Quote the entries below from the line with "Смарт-выключатель Tenky EWeLink" through the line with "Baby Button-up V-Neck Knit Sweater Casual Toddler Wear 8", both ends included, and only those lines.
Dataset content section start
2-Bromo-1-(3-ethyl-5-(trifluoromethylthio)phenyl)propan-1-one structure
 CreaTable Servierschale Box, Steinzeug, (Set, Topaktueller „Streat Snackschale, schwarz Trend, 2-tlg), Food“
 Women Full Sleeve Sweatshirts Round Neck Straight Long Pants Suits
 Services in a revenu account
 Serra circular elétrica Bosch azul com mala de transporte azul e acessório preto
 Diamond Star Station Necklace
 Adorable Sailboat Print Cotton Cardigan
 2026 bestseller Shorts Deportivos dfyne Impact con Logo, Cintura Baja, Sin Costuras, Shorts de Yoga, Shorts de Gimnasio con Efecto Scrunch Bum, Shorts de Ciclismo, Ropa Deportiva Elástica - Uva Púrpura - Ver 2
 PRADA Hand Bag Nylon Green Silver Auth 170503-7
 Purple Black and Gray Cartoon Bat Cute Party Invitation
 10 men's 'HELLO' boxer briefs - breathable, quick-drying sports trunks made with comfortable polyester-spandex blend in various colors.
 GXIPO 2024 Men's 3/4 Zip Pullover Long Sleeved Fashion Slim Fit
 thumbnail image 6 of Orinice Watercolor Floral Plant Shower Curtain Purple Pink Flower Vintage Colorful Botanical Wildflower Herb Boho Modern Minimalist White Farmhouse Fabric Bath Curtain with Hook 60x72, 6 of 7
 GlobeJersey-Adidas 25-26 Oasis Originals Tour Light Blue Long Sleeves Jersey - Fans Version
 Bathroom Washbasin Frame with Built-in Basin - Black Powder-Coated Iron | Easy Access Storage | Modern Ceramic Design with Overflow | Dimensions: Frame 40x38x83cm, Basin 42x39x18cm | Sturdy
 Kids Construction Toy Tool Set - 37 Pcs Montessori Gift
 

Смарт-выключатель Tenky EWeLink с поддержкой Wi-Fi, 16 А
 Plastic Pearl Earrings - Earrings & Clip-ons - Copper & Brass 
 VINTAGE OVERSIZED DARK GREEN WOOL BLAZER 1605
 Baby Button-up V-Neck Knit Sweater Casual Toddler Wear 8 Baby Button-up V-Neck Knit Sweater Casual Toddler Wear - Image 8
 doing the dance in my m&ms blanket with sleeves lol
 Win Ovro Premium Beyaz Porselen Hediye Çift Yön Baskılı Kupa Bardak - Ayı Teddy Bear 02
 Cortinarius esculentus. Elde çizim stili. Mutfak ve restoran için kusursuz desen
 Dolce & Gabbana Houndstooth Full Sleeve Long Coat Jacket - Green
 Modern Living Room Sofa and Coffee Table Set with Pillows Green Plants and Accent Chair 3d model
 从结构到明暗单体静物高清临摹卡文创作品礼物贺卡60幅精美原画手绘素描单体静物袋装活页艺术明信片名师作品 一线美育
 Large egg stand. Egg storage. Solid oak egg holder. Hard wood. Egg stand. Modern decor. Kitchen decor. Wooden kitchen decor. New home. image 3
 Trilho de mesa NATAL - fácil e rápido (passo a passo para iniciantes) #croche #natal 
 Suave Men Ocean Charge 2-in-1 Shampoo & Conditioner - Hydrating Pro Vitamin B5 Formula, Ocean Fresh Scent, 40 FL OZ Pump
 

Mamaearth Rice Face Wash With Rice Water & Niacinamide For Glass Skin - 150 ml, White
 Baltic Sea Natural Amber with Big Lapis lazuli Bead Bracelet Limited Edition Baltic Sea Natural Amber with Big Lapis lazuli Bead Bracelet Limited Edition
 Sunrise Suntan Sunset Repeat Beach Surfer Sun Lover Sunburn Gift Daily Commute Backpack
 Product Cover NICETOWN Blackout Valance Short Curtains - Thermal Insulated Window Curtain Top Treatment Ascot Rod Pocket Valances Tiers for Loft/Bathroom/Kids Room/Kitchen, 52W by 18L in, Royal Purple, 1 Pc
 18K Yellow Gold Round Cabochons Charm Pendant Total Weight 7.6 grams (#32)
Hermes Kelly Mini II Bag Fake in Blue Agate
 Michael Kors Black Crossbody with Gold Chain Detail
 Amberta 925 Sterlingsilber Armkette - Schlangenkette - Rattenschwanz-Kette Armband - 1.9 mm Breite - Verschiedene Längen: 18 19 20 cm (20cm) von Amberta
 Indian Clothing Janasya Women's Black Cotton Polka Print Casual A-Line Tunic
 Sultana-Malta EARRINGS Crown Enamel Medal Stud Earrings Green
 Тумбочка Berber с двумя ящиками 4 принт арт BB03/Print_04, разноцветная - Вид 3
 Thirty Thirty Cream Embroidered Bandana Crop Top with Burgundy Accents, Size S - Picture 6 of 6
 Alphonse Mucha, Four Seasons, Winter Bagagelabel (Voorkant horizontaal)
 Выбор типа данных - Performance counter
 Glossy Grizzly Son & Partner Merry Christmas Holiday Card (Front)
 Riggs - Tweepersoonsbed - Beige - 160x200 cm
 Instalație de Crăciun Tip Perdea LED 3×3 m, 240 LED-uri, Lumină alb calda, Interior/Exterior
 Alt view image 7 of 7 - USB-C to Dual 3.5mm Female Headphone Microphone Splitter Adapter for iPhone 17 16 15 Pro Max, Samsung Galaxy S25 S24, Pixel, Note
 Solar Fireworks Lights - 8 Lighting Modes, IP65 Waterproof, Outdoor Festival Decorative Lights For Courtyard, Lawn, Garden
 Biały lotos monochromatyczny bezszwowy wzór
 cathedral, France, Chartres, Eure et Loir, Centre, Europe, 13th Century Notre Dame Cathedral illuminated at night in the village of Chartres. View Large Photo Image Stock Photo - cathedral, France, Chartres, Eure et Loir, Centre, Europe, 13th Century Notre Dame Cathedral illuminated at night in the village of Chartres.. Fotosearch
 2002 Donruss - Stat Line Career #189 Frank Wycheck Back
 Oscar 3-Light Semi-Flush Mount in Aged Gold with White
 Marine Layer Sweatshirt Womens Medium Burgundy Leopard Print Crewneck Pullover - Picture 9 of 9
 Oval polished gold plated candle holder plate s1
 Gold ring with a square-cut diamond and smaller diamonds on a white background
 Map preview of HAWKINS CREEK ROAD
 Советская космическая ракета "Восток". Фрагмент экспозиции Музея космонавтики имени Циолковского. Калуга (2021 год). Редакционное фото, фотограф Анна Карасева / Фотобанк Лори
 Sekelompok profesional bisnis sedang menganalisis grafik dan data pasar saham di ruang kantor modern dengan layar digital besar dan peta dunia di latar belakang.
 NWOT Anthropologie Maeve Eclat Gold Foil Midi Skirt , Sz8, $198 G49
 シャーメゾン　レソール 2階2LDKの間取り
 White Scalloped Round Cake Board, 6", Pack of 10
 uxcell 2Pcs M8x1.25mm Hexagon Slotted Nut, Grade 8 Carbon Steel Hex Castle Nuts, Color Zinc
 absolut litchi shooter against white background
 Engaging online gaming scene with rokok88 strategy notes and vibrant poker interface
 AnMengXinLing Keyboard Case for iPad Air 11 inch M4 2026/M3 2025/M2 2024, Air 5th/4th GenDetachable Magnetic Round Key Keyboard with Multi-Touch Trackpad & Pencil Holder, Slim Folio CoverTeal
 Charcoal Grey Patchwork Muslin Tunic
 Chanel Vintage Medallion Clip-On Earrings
Dataset content section end
**Output below**.
Смарт-выключатель Tenky EWeLink с поддержкой Wi-Fi, 16 А
 Plastic Pearl Earrings - Earrings & Clip-ons - Copper & Brass 
 VINTAGE OVERSIZED DARK GREEN WOOL BLAZER 1605
 Baby Button-up V-Neck Knit Sweater Casual Toddler Wear 8 Baby Button-up V-Neck Knit Sweater Casual Toddler Wear - Image 8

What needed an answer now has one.